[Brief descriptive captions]
■ ■ ■ ■ ■ ■ ■

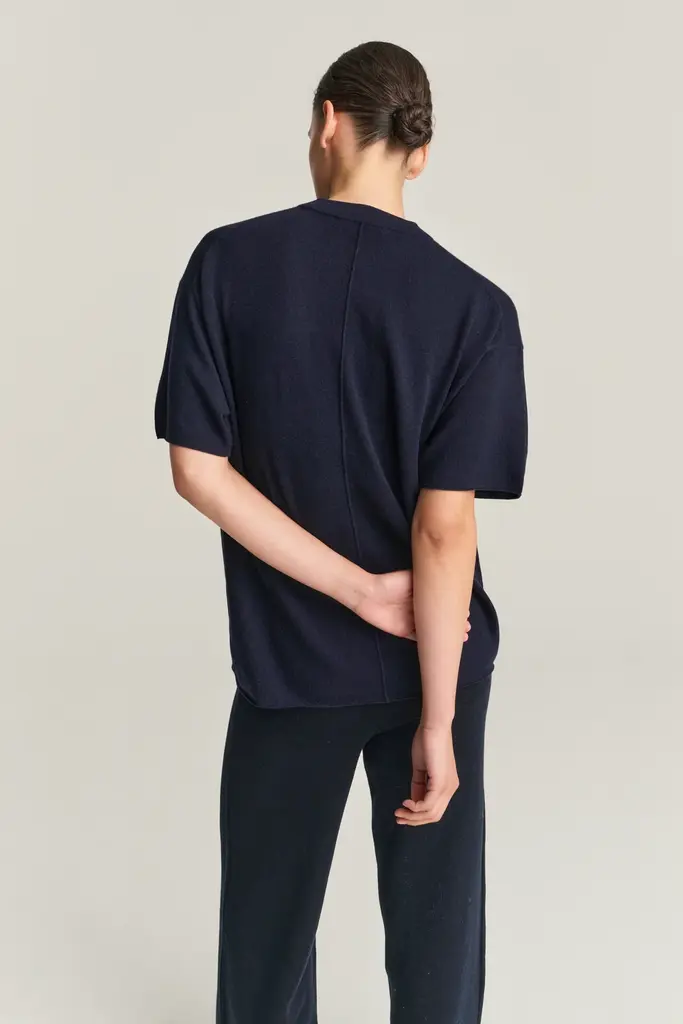 Rhea Knitted T-shirt - Navy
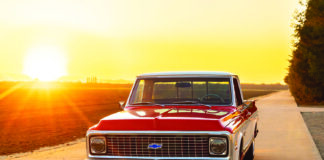 01 1972 Chevy C10 front view sunset red white chrome grille LED headlights custom bumper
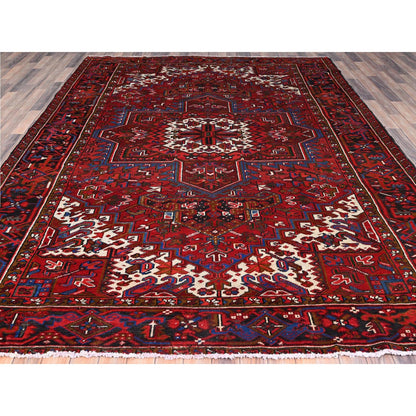 Heriz Wool Hand Knotted Rug Red Black 8.0X11.0 -O085921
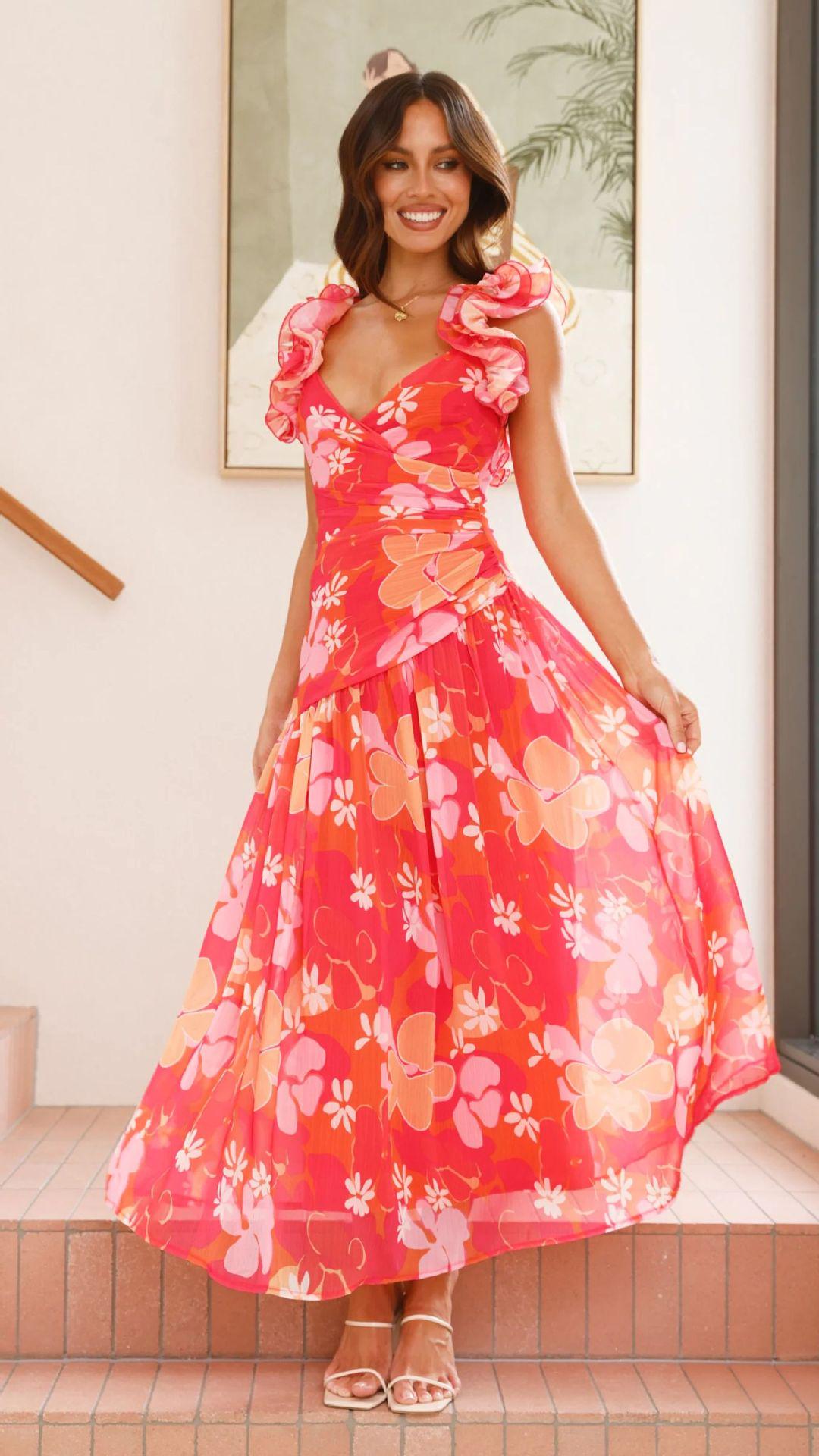 

2026 Summer Asymmetrical V-Neck Women s Dress: European-American Style with Slit, Pleats, and Open Back Large цветочный/красный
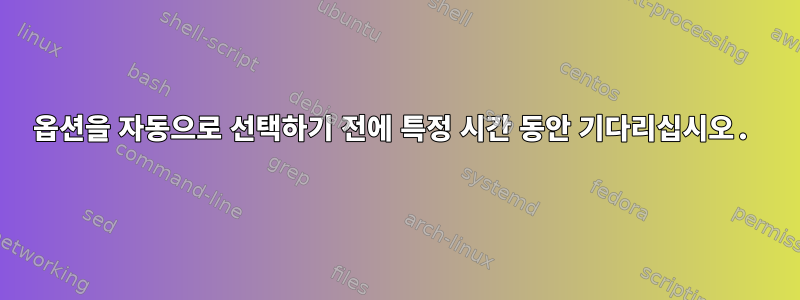 옵션을 자동으로 선택하기 전에 특정 시간 동안 기다리십시오.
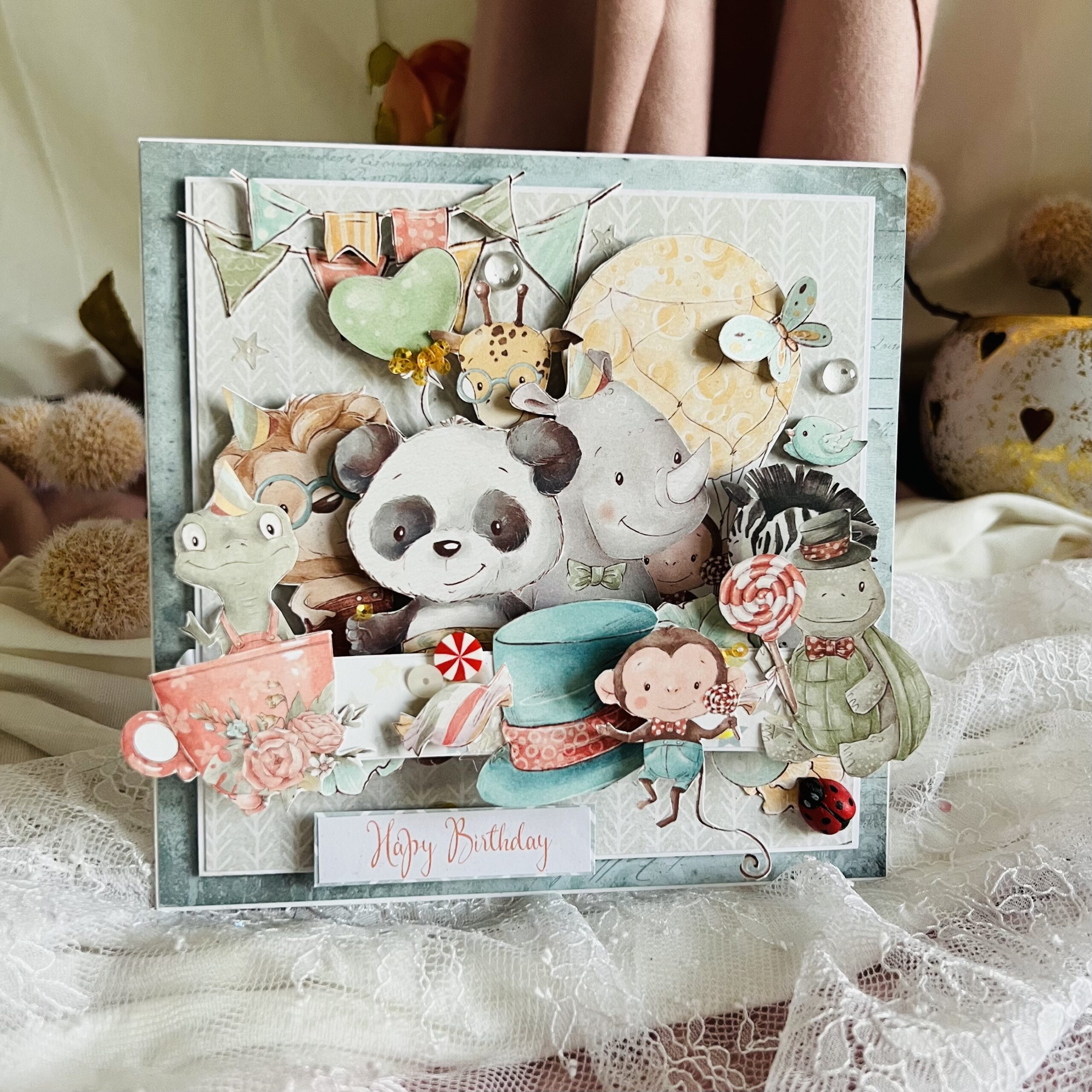 IMG_4924 Luxury Handmade Birthday Card – Adorable Animals Theme.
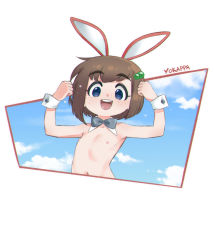  1girl armpits bare_shoulders bare_stomach black_bow black_bowtie blue_eyes blue_sky body_freckles bow bowtie cloud detached_collar female_focus flat_chest freckles freckles_on_breasts green_hair_ornament hands_up indie_virtual_youtuber lily_hopkins loli looking_at_viewer navel nipples nude outline rabbit_ears red_outline short_hair simple_background sky smile solo topless upper_body virtual_youtuber white_outline wrist_cuffs yokappa_(jokappa)  rating:Questionable score:137 user:VampireQueenDespair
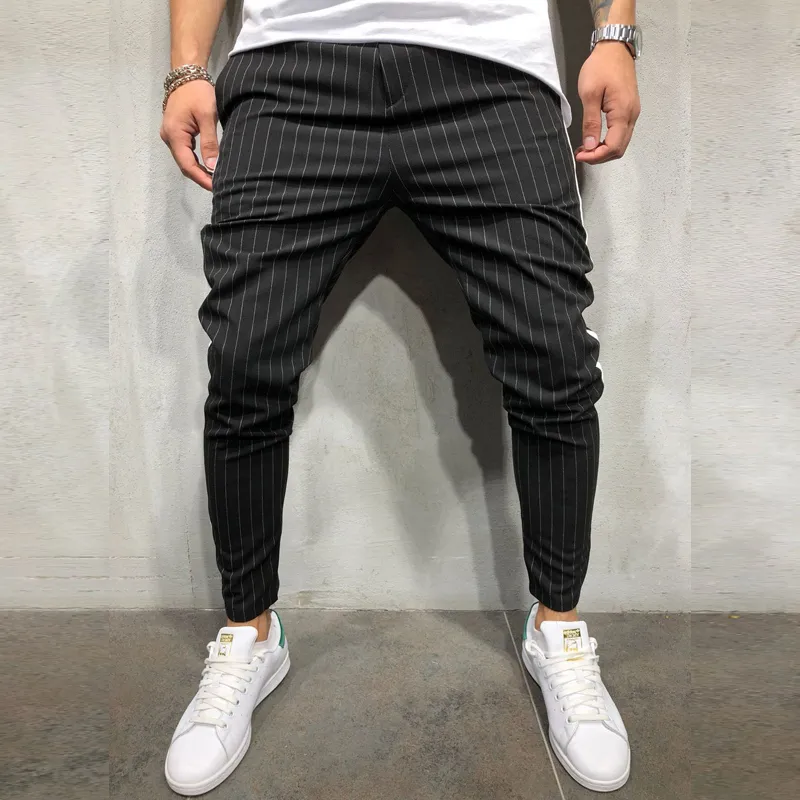 Fashion-Pantalon à la cheville pour hommes Streetwear Side Stripes Pantalon à carreaux Casual Slim Fit Street Fashion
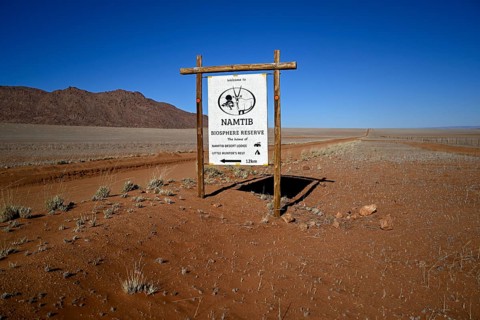 Namtib Biosphere Reserve sign on the D707, Tiras Mountains, Karas Region, Namibia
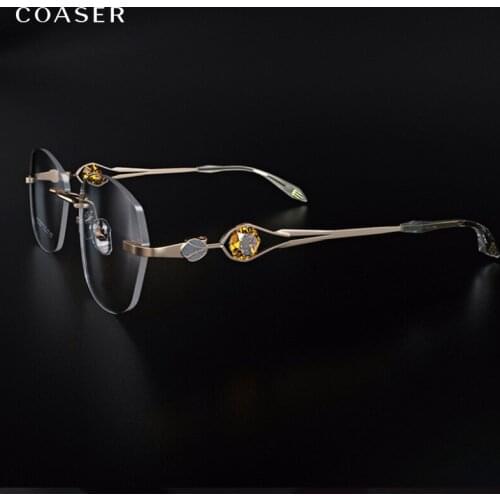 2020 Rimless Women Optical Glasses Frame For Super Light Diamond Eyeglasses Myopia Prescription Glasses Lenses Computer Glasses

■ ■ ■ ■ ■ ■ ■

Give a verbatim transcription of the entries, leaving out the pictures.

• **Finished exercise**
 Rhea Knitted T-shirt - Navy
 01 1972 Chevy C10 front view sunset red white chrome grille LED headlights custom bumper
 Heriz Wool Hand Knotted Rug Red Black 8.0X11.0 -O085921

2026 Summer Asymmetrical V-Neck Women s Dress: European-American Style with Slit, Pleats, and Open Back Large цветочный/красный
 옵션을 자동으로 선택하기 전에 특정 시간 동안 기다리십시오.
 IMG_4924 Luxury Handmade Birthday Card – Adorable Animals Theme.
  1girl armpits bare_shoulders bare_stomach black_bow black_bowtie blue_eyes blue_sky body_freckles bow bowtie cloud detached_collar female_focus flat_chest freckles freckles_on_breasts green_hair_ornament hands_up indie_virtual_youtuber lily_hopkins loli looking_at_viewer navel nipples nude outline rabbit_ears red_outline short_hair simple_background sky smile solo topless upper_body virtual_youtuber white_outline wrist_cuffs yokappa_(jokappa)  rating:Questionable score:137 user:VampireQueenDespair
 Fashion-Pantalon à la cheville pour hommes Streetwear Side Stripes Pantalon à carreaux Casual Slim Fit Street Fashion
 Namtib Biosphere Reserve sign on the D707, Tiras Mountains, Karas Region, Namibia
 2020 Rimless Women Optical Glasses Frame For Super Light Diamond Eyeglasses Myopia Prescription Glasses Lenses Computer Glasses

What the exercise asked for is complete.